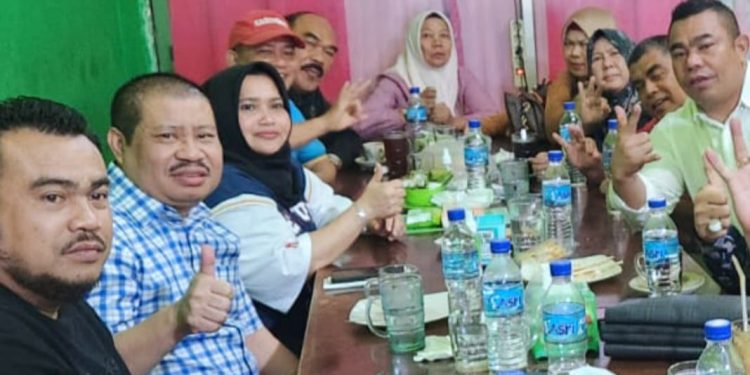 Ngopi Bareng di Kedai Kopi, Ini Cara Bupati Kasmarni Dekat Dengan Masyarakatnya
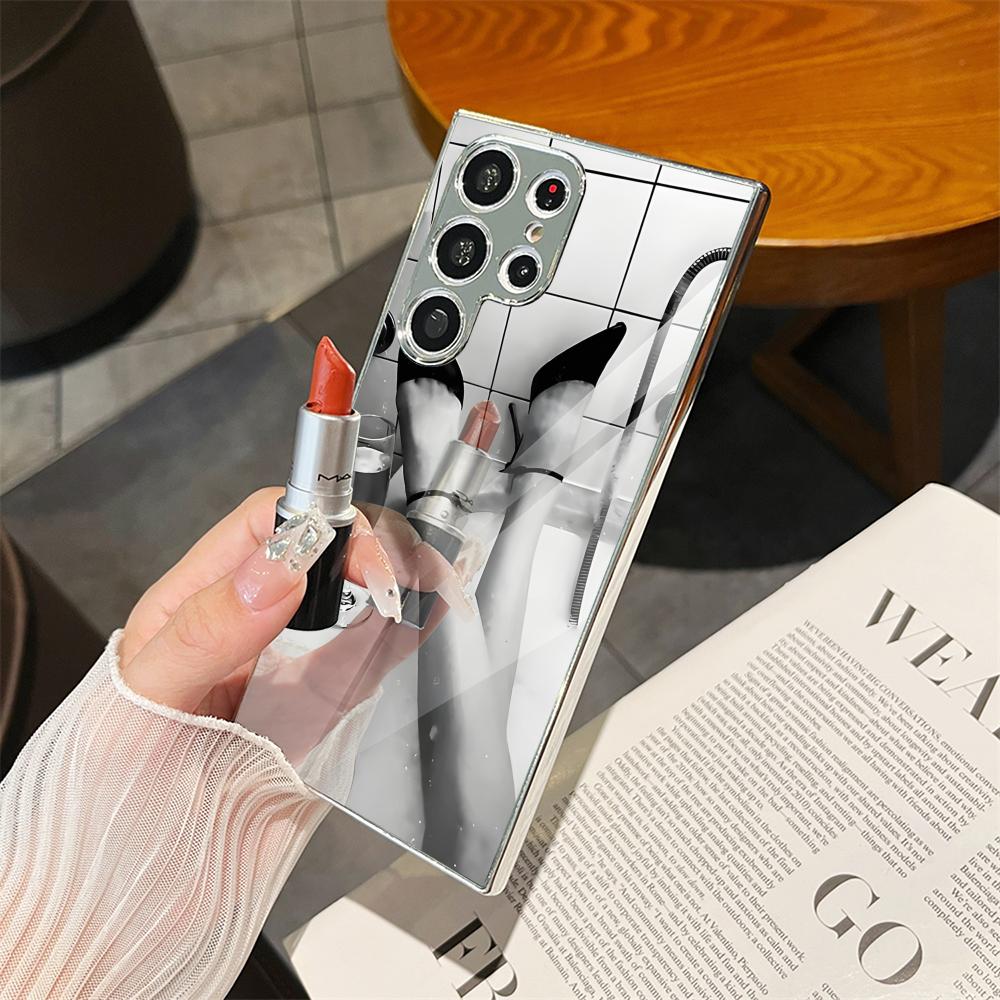 Black White Woman Bathroom Pho - Phone Cases Metal recensione e prezzo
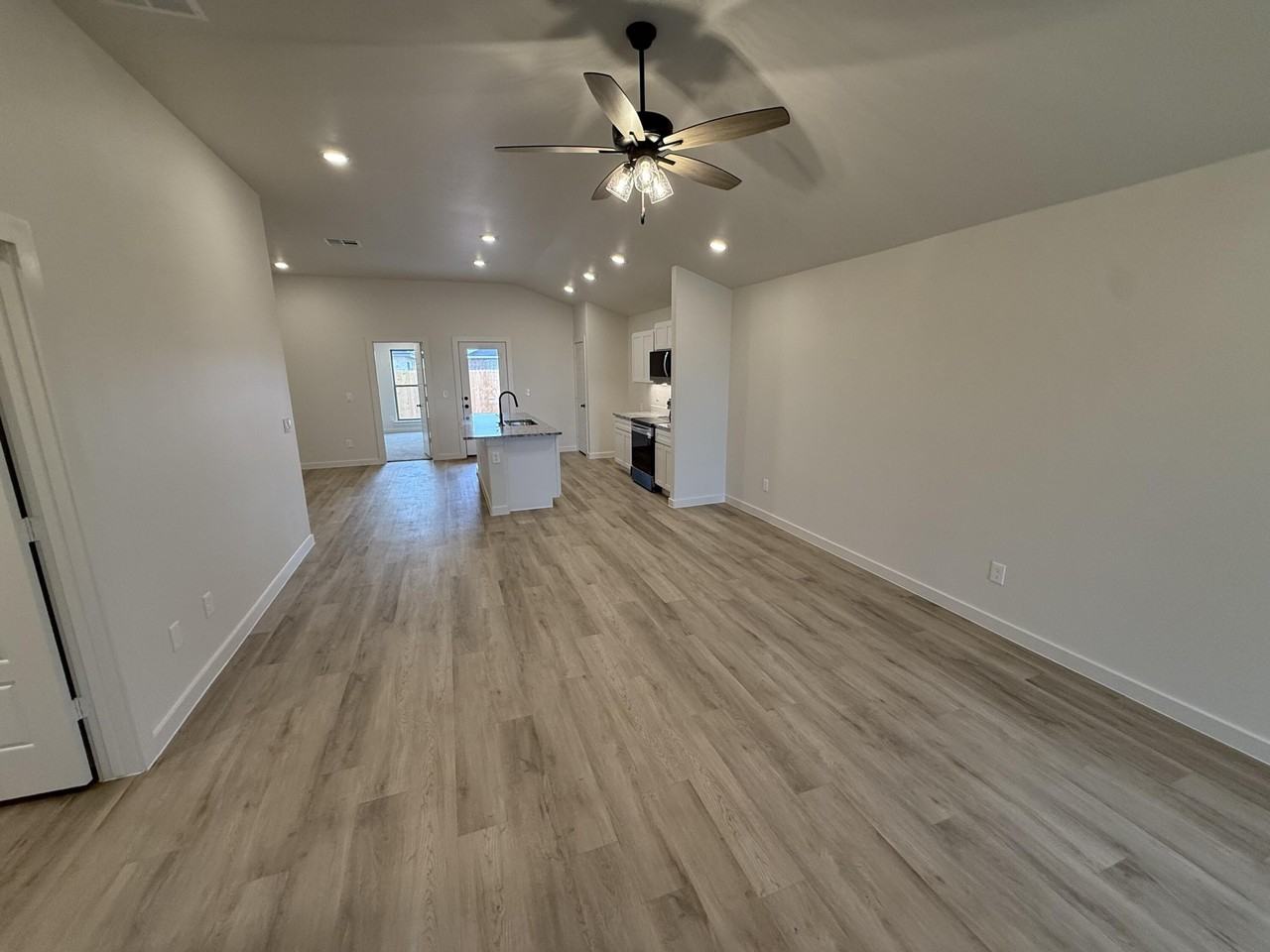 1309 N Chicago Ave - Photo 4 of 14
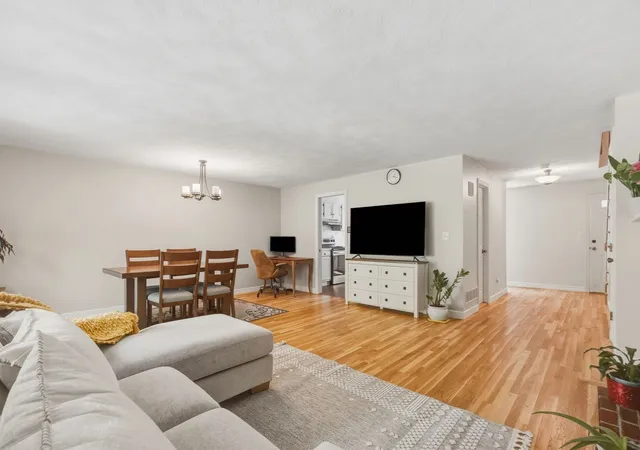Listing Photo 5 - Condo for sale in building located at 3 Seaborn Pl, Lexington, MA 02420 - Unit #3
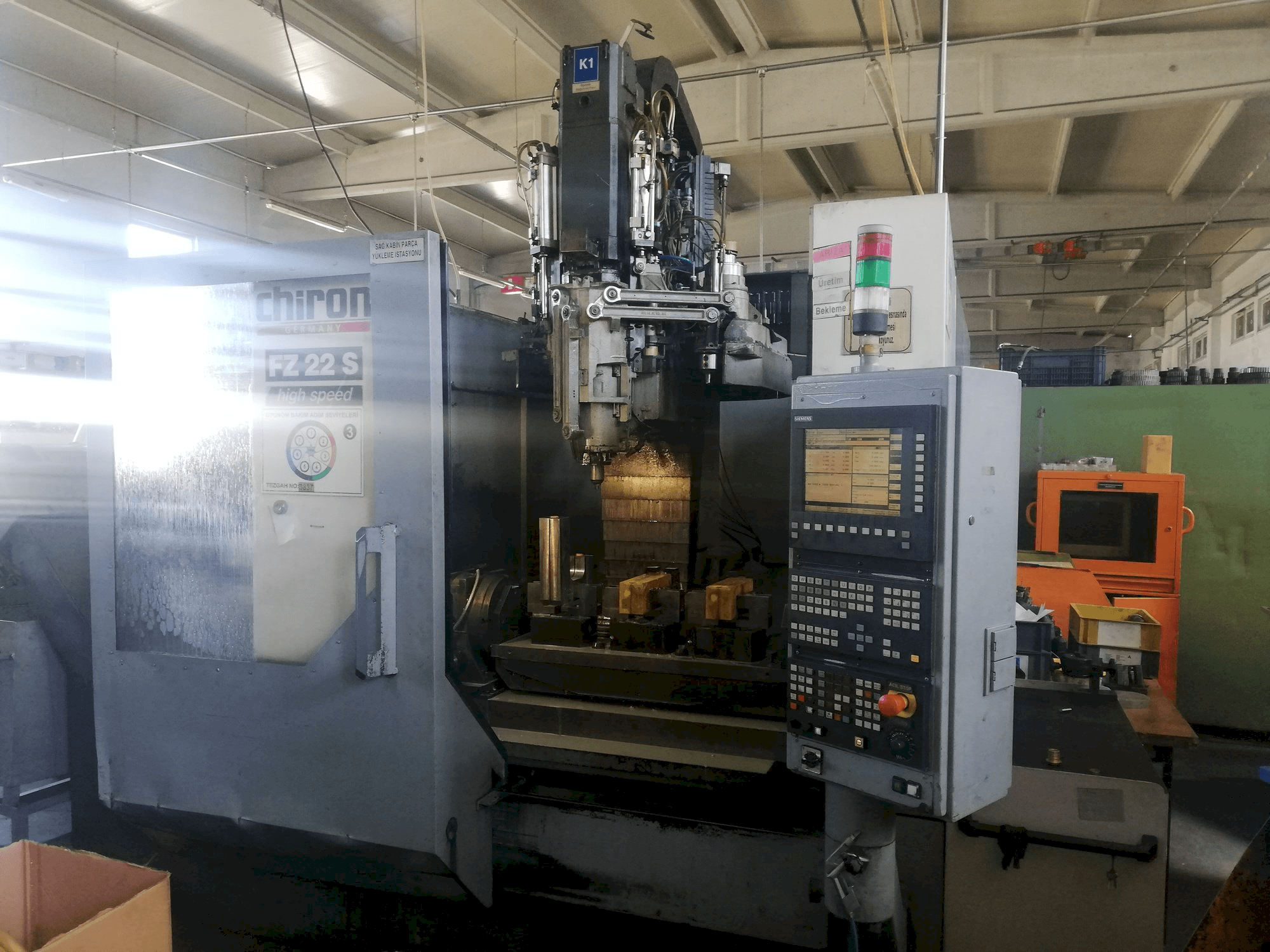 Vista Frontal da CHIRON FZ 22 S máquina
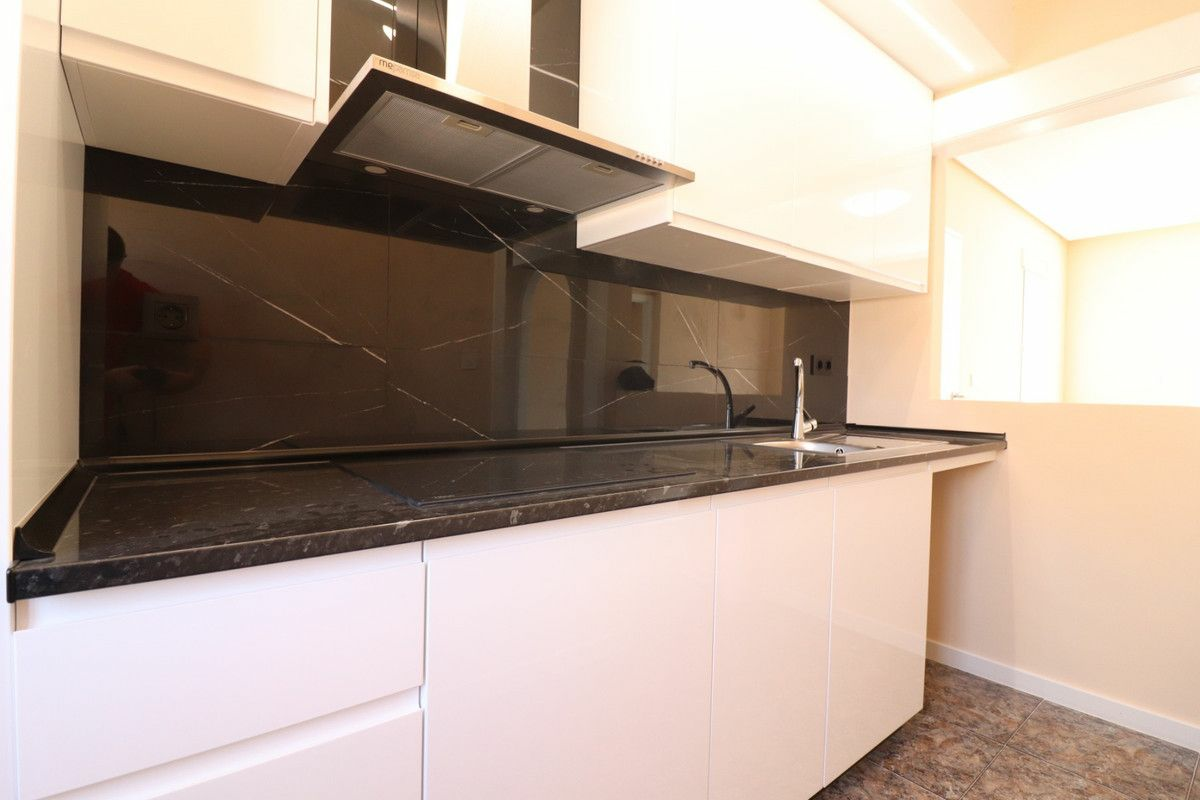 2-bedroom Apartment In Orihuela Costa, Spain (52 M²)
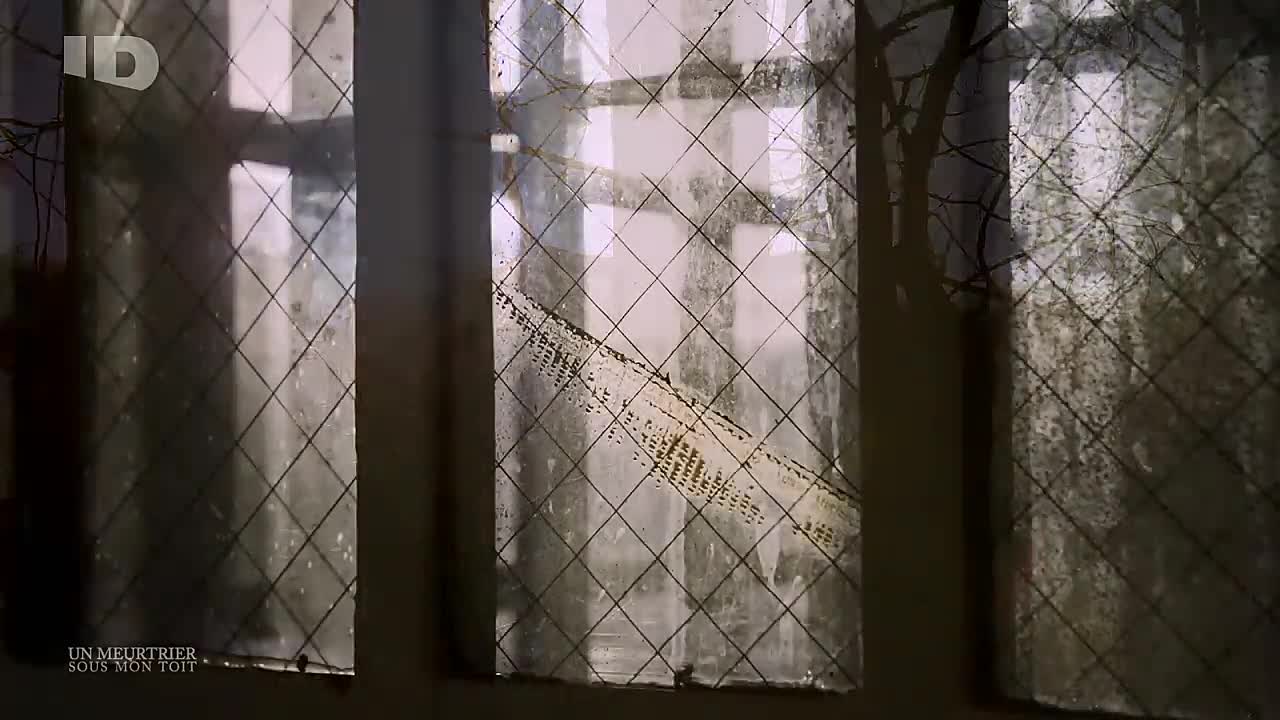 ⁣Un meurtrier sous mon toît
*****
*Problem description*: A faithful copy of the records above is needed, with the pictures left out.

*Solution below*:
 Ngopi Bareng di Kedai Kopi, Ini Cara Bupati Kasmarni Dekat Dengan Masyarakatnya
 Black White Woman Bathroom Pho - Phone Cases Metal recensione e prezzo
 1309 N Chicago Ave - Photo 4 of 14
Listing Photo 5 - Condo for sale in building located at 3 Seaborn Pl, Lexington, MA 02420 - Unit #3
 Vista Frontal da CHIRON FZ 22 S máquina
 2-bedroom Apartment In Orihuela Costa, Spain (52 M²)
 ⁣Un meurtrier sous mon toît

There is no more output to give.